Why is that? Why is it that we have big dreams and large plans that only fall flat the typical rat race of our days? Why is it that we want to do everything, but in reality…most of the time we are doing nothing? Now wait, before you take offense, I assure you that I understand that most of us are not actually sitting around doing “nothing.” Most of the time, we are running around with a to-do list a mile long without a spare moment to breathe. What I really mean is that we fail to fill our free time with the things we really want to do. We let summer after summer go by without achieving our goals and making it the best it can be–we are constantly looking forward to the next exciting opportunity rather than embracing the present. Well, this summer, I decided to make a change.
One of my absolute favorite songs is “Do Something” by Matthew West. This song encourages you to not only sit around and wish the world was different, but to go out and “be the change you want to see.” If you haven’t heard it, I suggest you give it a listen. This summer, I started off by immediately making a bucket list that would encompass all I wanted to do. It was broken down into four categories and would include things that benefit my personal habits, social activities, finances, and relaxation. From there, I was able to outline those specific goals to ensure they were able to be met.

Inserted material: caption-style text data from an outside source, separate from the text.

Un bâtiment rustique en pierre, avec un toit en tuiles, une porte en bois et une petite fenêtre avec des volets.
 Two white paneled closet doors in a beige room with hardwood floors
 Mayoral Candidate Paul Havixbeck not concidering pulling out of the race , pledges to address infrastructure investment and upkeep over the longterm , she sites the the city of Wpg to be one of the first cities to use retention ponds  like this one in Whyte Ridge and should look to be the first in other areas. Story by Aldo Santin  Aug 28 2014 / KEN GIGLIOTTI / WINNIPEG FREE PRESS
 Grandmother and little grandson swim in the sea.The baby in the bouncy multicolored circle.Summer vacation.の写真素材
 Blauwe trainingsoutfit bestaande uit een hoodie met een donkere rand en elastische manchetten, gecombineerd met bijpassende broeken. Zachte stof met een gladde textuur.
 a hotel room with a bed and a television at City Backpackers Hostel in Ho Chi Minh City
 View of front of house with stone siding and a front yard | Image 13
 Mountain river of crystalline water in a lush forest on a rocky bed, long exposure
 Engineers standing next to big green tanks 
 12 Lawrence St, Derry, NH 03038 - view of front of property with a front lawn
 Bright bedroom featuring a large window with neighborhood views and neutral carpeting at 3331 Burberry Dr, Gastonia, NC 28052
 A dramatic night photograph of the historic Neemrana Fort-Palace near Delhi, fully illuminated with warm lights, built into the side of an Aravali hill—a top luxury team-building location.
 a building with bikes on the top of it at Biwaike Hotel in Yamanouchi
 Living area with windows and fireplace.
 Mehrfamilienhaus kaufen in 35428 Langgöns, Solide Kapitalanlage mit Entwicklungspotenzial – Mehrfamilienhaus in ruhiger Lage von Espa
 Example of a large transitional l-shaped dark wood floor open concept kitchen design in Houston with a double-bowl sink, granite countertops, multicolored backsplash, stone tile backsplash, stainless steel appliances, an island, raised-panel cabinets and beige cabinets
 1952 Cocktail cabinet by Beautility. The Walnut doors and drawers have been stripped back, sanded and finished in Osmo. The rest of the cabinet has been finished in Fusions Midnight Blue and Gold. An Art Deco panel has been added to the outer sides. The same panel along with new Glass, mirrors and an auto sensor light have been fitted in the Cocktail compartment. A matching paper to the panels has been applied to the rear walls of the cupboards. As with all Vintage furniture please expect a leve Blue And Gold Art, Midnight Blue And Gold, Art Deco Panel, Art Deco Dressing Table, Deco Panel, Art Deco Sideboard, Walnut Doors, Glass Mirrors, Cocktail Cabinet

The key here, folks is that I no longer make “plans.” Plans involve tedious logistics that can be altered and discouraging if not met accordingly. I’ve decided to only make “passionate goals” from here on out. The difference is that now I look at the bigger picture, set those goals, and gain satisfaction from meeting them in good time. Instead of focusing on the steps to achieve said goals, I now focus on what makes me happy and what needs to be done to to ensure future happiness. Life is too short to be anything, but happy…so putting one’s own emotional status as a priority is essential for being content with one’s day-to-day life.
Next time you catch yourself wishing you would do something or don’t allow enough time/effort to make yourself a priority, take a step back, reevaluate, and do what you need to do to gain that inner peace. It’s amazing how effective passionate goals can be when you start doing what you want and filling your life with meaningful experiences!